Güvenlik Tasarımı / Kontrol / İzleme / Bakım

UV-C maruziyeti ürün güvenliği tasarım hususları ve kontrolleri ile azaltılabilir. Örneğin, seri olarak bağlanan emniyet şalterleri, UV-C kaynaklarının işçileri UV ışığına maruz bırakmadan kapatılmasını sağlar.
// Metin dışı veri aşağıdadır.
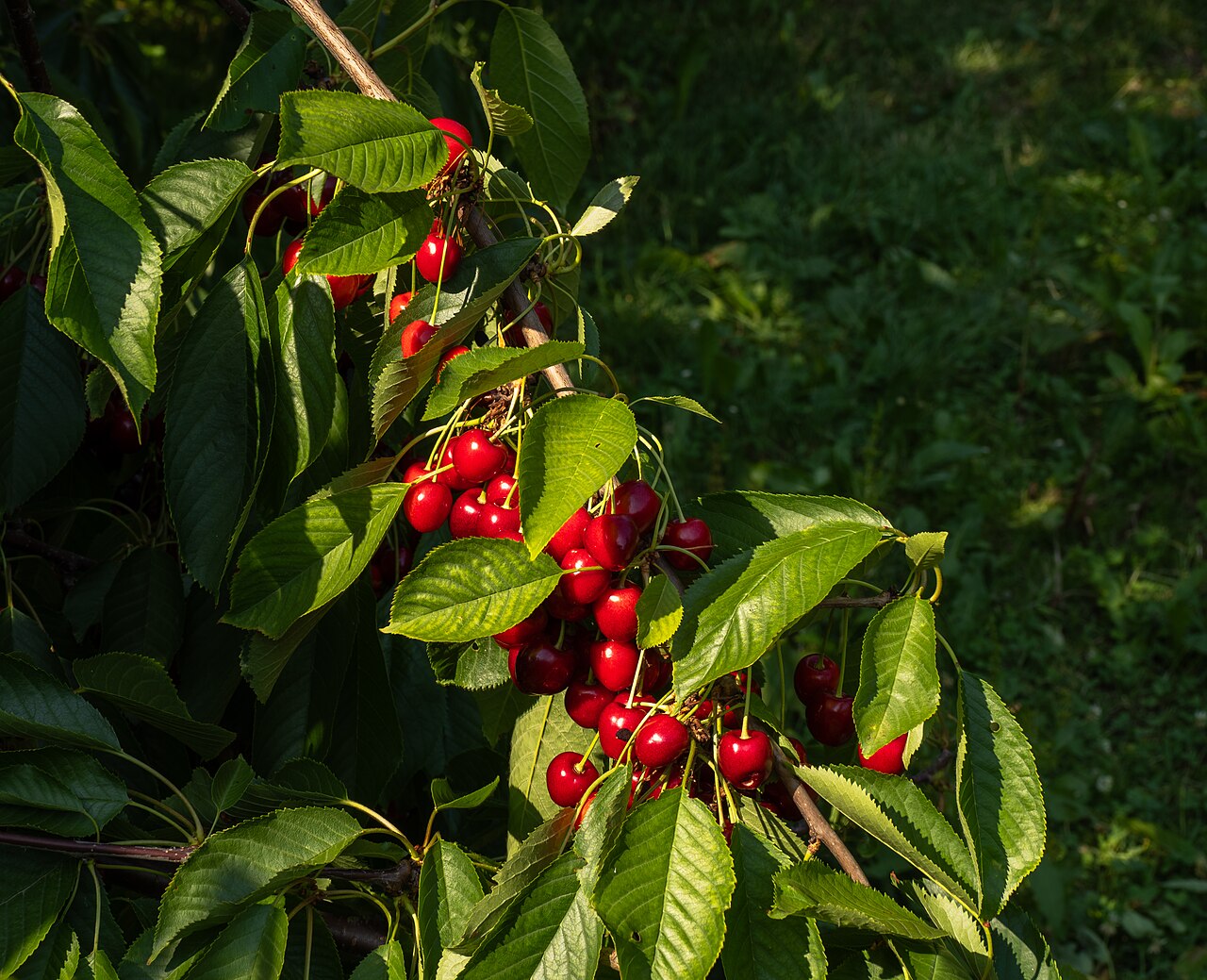 Cherry 'Burcombe'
Veya UV-C ışık kaynakları için AÇMA / KAPAMA düğmeleri yalnızca yetkili kişilerin erişebileceği yerlerde genel oda aydınlatmasından ayrı olarak yerleştirilebilir. UV-C kaynağının yanlışlıkla açılmadığından emin olmak için anahtar konumları kilitlenmeli veya parola korumalı olmalıdır. Her UV-C sistemi, çalışanların UV-C’ye aşırı maruz kalma olasılığı olmadan lamba düzeneğini görebilmeleri için bir görünüm seçeneğine sahip olmalıdır.
Doğru montaj, izleme, bakım personelinin eğitimi, güvenlik anahtarlarının işaretlenmesi ve kullanımı aşırı maruz kalma

yı önlemeye yardımcı olabilir. Herhangi bir UV sisteminin doğru kullanımı için çalıştırma talimatları ve öneriler, tehlikeli maruziyeti azaltmak için referans amacıyla saklanmalıdır. Bunlar operatörler veya bakım personeli için açıkça görülebilir olmalı ve güvenli çalışmayı sağlamak için sistem tasarımı tarafından belirtilen sıcaklık ve bağıl nem aralıklarını içermelidir. Bakım, üreticinin talimatlarına göre yapılmalıdır ve kazaya maruz kalmayı önlemek için elektrik anahtarı daima kapatılmalıdır. UV ekipmanını izlemek için standart bir kılavuz yoktur ancak çıkışı veya sızıntıyı tespit eden ticari UV monitörleri vardır.

UV’ ye Maruz Kalınırsa Yapılacaklar

Akut UV radyasyonuna maruz kalmanın etkileri genellikle şiddetli değildir ve birçok semptom gözükmez. UV ışınlarına maruz kalma durumunda aşağıdaki eylemler önerilir:
• Göz hasarından şüpheleniliyorsa bir göz doktoruna başvurun.
• Cilt lezyonlarını hemen tedavi edin.
• Kuruluşunuzun Kaza ve Yaralanma olayı raporlama prosedürünü izleyin. Bunlar genellikle olayın tarih ve saatinin, ilgili kişilerin, ilgili ekipmanın ve yaralanma türünün belgelenmesini gerektirir.